Installing a sidewalk can be easy or complicated, but it typically boils down to funding. Below are a few tips to help guide you to getting your sidewalk built. First you need to find out who owns the street (City, County, State, etc.). Then you need to check for two very important things:
- right-of-way: Is there enough public right of way on your street to fit a sidewalk? The state standard sidewalk width is 5′ so you will first need to check to make sure that there is 5′ of public right of way along the roadside where the sidewalk can be installed. There are several ways to find out where the public right-of-way line is. You can contact your municipality and request the line be staked out, which could take a week or so. Or, in most cases, telephone or utility poles are located at the edge of the public right of way, so if there is at least 5′ between the roadway, and a public utility poles then it is likely a sidewalk can be installed easily.
- drainage: In Florida, drainage is critical. Does your street have piped storm drains (curb and gutter), or does the rain water on the roadway slope into a ditch? If there is already piped storm drains, and there is enough right-of-way (see #1), then it will be easier to build a sidewalk. If there is an open ditch on the side of the road, it will likely need to be piped and covered before a sidewalk can be installed. Keep in mind: drainage work dramatically increases the cost of a typical sidewalk project, which can make-or-break your project.
- get informed: Talk to the governmental entity who owns the roadway. If you don’t already know who that is, click here to find out. There may be information you are unaware of that will be useful. Typically the local transportation division or department will be able to tell you if there are any future plans or if your street is on a list of future projects. If there are not any plans, they can record your request and help you get your project on the list.
- community support: Neighborhood support is crucial in getting a sidewalk built. It’s a good idea to make sure your neighbors are supportive before taking any more steps. A petition or letter of support from a neighborhood association, or a community group, will help bolster your case. The more people who support your project, the more likely it will happen.
Bike lanes come in many shapes, sizes and varieties. But each area might have its own standard. To learn more about the various types of cycling infrastructure, click here raquo; Below are some general guidelines to follow when you are interested in requesting bike lanes on your street.

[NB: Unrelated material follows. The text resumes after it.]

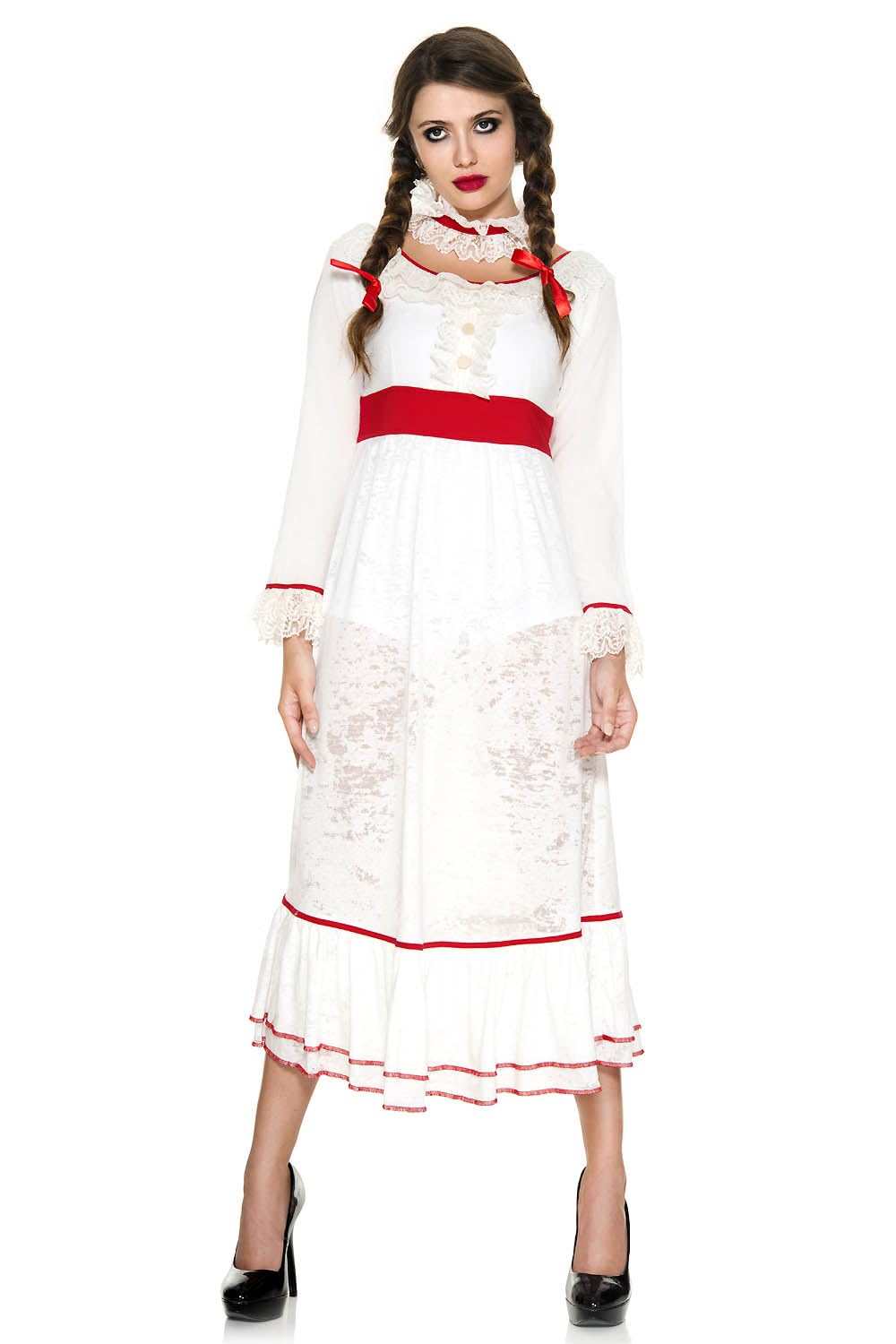 Possessed Doll Halloween Costume for Women - Gothic Horror Outfit with Music Box Legs - Perfect for Halloween Parties, Cosplay & Haunted House Events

Bike lanes are a little more complicated than sidewalks. The easiest way to install bike lanes is if you can fit them on the existing pavement without having to widen the pavement (pavement markings only). That doesn’t work on every road, though. If the lane widths on your street are 14′ wide or more (measuring from the center of the roadway, to the edge of the asphalt, then it is likely that bike lanes can be incorporated by just adding striping. If the lanes on your street are less than 14′, then consider requesting a shared-lane marking (also referred to as sharrows).
Note: If the pavement is old and cracking, then the new markings probably won’t stick, so striping the lanes could be a waste of time and money. You might need to wait until the roadway is resurfaced in order to incorporate the new markings.
Crosswalks (also referred to as pedestrian crossings) are different from bicycle lanes and sidewalks, in that they are not meant to be placed everywhere. This is because crosswalks are planned conflict points and the design and analysis that goes into determining where a crosswalk is placed, what types of engineering treatments will be installed (signs, markings, flashing lights, etc.), in order to achieve the highest level of safety for people crossing the roadway. Here are some key things to remember about crosswalks, before you decide to request one from your local government:
- Simply installing pavement markings and signs alone do not guarantee safety. In fact, studies show that signs and markings alone (without additional treatments like lights, signals and enforcement) can actually decrease safety and increase crashes because signs and markings can give a pedestrian a false sense of security.
- If you are interested in installing a crosswalk in your community, you may request an engineering study to be completed by your local municipality or the entity who owns the roadway. In the study, they will evaluate if a designated crosswalk is needed, find a location where there is adequate visibility and sight distance for cars, and determine the most cost-efficient design to generate the highest level of safety. Depending on the design, this may include flashing warning lights that are activated by a push-button, or a traffic signal that brings cars to a complete stop.
- When crossing the roadway (even at a crosswalk), never assume you have the right of way. Always make eye contact with drivers and wait for the car in each lane to stop before stepping out. If there is a crosswalk nearby, use it! If there is not, you may cross at a side street intersection. Stand in a visible location and watch for approaching traffic. Be sure to give yourself enough time to cross.